That said, I actually think some of this is unfair, and I hope it doesn’t distract from the actual work that was done. Lead author Jonathan Karr and the folks from JCVI and Stanford have accomplished some important and necessary work. Modeling various features of whole cell activities, and developing suitable software to assess, test, predict, and visualize these aspects is going to be hugely important as we continue to move beyond the important–but largely represented as linear–genome sequence data. There have been some pathway and modeling tools that I have explored in the past and are also nice directions. (My previous favorite was CellDesigner, and I know PathCase has modeling tools, but there have been a lot of others as well–but these have been aimed mostly at individual pathways and processes, subsets of whole cells.)

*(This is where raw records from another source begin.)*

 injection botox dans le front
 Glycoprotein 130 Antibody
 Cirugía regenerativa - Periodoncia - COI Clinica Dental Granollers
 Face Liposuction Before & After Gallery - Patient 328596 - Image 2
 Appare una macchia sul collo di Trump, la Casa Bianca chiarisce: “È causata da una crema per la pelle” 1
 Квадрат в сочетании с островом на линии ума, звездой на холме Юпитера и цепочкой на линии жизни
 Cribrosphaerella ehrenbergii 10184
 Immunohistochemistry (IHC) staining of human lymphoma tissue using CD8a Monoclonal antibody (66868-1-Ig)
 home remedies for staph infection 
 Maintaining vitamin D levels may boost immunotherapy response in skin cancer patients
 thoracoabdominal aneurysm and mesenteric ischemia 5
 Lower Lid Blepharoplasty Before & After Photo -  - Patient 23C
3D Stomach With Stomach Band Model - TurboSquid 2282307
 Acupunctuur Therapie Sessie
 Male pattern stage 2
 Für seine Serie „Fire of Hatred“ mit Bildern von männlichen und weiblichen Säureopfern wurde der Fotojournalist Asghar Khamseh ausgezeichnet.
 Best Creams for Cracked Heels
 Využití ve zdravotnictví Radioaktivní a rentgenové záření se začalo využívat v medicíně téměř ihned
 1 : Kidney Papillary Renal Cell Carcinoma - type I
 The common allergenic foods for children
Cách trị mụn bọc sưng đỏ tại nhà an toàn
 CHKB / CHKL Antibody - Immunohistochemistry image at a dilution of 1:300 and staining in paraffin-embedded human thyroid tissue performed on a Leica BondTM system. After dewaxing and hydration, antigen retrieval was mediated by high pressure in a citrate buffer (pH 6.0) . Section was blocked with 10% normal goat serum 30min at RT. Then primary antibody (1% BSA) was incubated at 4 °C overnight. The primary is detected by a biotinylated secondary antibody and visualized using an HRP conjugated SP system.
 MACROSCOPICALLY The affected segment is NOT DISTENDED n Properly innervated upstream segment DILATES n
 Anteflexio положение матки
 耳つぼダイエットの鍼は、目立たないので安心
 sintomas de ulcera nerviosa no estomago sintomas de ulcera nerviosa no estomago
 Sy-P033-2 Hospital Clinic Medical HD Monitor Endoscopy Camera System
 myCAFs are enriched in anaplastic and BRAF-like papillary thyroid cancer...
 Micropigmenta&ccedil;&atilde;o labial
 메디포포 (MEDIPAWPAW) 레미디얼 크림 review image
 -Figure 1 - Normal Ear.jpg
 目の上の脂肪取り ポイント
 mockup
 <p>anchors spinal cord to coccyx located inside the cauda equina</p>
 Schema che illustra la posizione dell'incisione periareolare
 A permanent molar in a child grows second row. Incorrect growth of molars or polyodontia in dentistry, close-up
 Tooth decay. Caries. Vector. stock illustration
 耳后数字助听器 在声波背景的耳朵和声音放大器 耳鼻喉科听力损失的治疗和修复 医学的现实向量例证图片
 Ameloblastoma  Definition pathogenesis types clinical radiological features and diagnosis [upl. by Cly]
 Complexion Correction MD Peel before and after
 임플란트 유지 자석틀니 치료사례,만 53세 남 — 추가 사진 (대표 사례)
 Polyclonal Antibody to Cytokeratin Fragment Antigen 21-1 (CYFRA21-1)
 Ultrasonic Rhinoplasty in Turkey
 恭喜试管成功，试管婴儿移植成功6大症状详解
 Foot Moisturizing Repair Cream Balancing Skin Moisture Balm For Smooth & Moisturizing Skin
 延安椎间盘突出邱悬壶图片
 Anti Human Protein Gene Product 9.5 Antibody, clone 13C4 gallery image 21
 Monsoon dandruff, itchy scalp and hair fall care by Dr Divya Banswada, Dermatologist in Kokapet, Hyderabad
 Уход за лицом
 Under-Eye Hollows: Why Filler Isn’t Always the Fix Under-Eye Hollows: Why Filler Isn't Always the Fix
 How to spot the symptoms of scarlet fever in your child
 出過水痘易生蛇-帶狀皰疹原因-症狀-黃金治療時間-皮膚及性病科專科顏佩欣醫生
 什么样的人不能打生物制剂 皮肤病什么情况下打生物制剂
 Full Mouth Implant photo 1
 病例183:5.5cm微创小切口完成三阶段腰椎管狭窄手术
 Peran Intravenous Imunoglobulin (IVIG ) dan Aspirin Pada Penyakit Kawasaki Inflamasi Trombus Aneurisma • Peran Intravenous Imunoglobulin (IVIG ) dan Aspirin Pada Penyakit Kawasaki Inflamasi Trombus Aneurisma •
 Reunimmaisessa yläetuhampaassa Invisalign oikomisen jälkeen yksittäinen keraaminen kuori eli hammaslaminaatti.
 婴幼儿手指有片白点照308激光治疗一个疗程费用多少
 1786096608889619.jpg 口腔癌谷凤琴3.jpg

But this new paper goes further and loads their software with a number of cellular processes that you can then run and visualize. An accompanying commentary paper describes it as:
It is in this spirit that the authors have produced a first-draft framework for asking and answering systems-level questions by using quantitative cell-scale models.
For this tip I’ll show you one of the movies they generate with this software, and direct you to the project pages for more details and access to the software and data sets. And you can set up and run your own simulations–but that’s beyond the scope of my usual tips, so you’ll have to explore that yourself.
They use 28 different models of cellular process activities–some are suited for metabolic pathways, some for DNA replication, RNA processing, protein decay, and various other things. The supplement is really key here–S1 has the models, the math, and the other crucial things you need to have to understand what was done. Don’t forget to download that if you buy this paper!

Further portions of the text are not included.